Tuesday, July 1, 2014

Big Business to the Rescue: They will decide a Citizens First Amendment rights. Our new “Leaders?”

My born again conservative friend in Milwaukee called and said the Hobby Lobby decision confirmed for him that we are a Christian nation, and that businesses do have constitutional rights...that they were people.

That was the message he got from our very activist conservative Supreme Court yesterday. My
takeaway?

Conservatives love their “leaders,” and with yesterdays decision on Hobby Lobby, they have given everyone a look at who they think should be in charge.

"Bossy bureaucrats;" what was thought to be a pro-choice term is a deceptive anti-choice reference that defined "boss" (the CEO of a company) to mean a meddling politician. In reality, business bossy bureaucrats are now in charge, and will see part of your private medical records.
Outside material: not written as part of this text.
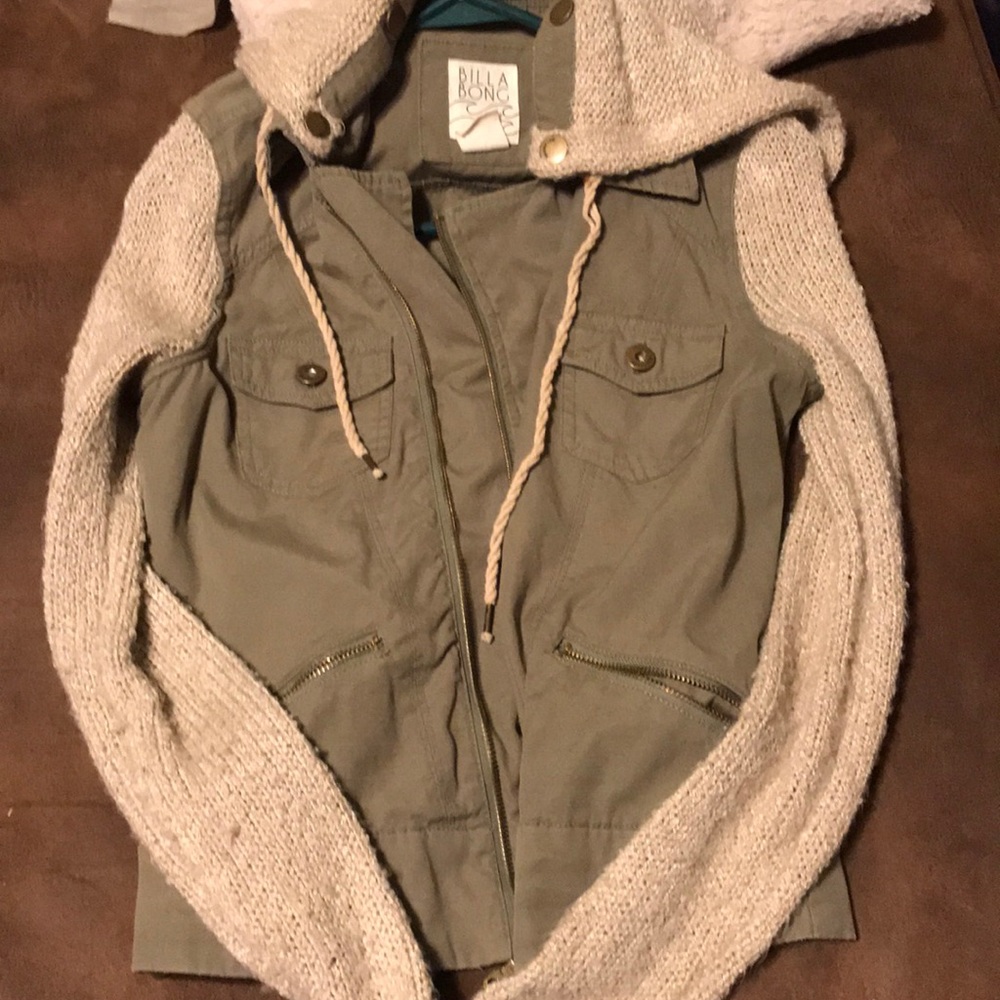 Billabong utility jacket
Here's a down-the-rabbit-hole example, Duluth News Tribune:
Kristan Hawkins, president of Students for Life America, a youth organization that opposes abortion, said in a statement that birth control should be a personal choice.
“As a woman, wife, mother and business owner,” she said, “I am perfectly capable of making my own decisions about birth control without having an employer buy it for me or being forced to provide it against my will to my employees. I control my life, not bossy bureaucrats.”
Employers aren't buying contraceptives for women because contraception is a medical treatment, part of our health care system, administered by doctors.

The Hobby Lobby decision is a giant but welcome step toward plutocracy, or what right wingers call freedom from government. Who would have imagined Americans celebrating the loss of their individual constitutional rights when they go to work. And yet it's happening.
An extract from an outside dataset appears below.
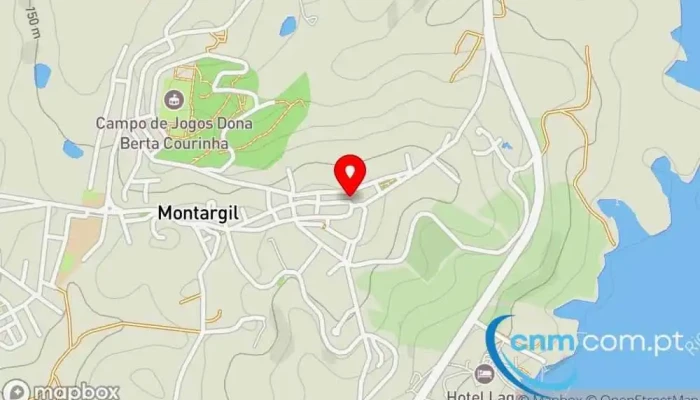 A Mercearia -  Mapa - Montargil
I thought the following observation in Think Progress about the false premise big government wanted to control women's health, was oddly missing in the media’s coverage:
In order to cast themselves as the tolerant side working to empower women, anti-choice activists had stolen pro-choice messaging to obfuscate their position and spread misinformation.

Hobby Lobby supporters’ claims that they were “empowering” women rang particularly hollow. 

There was a cruel visual irony to seeing a crowd of women chanting “women in control” and cheering as the Supreme Court ruled that corporations could control what birth control options are available to their employees. They imagined a false scenario in which government bureaucrats might control women’s health care, and created a future in which corporate bureaucrats will actually control women’s health care. Ban bossy bureaucrats, indeed.
BIG ISSUE: The real problem with the conservative activist Supreme Court decision is the abandonment of the idea that company policies cannot infringe on the individual rights of Americans working for them. That's gone now:
The anti-choice rally also attempted to frame a win for Hobby Lobby as a win for religious freedom, but it’s unclear how that’s the case. A small minority now have the ability to exercise their religious beliefs through corporate practices, but millions of Americans will now have their religious rights unjustly limited.
NEXT UP: Bossy Bureaucrats treatment of pregnant women, if you can believe this one or not:
NBC: The U.S. Supreme Court agreed Tuesday to consider how much protection a federal law gives to pregnant women in the workplace. The case centers around Peggy Young, a UPS driver in Landover, Maryland, who became pregnant in October 2006 and gave her supervisors a note from her midwife recommending that she not lift packages weighing more than 20 pounds during her pregnancy. UPS said it could not make such an accommodation, and she was required to take an unpaid leave of absence, during which she had no health insurance.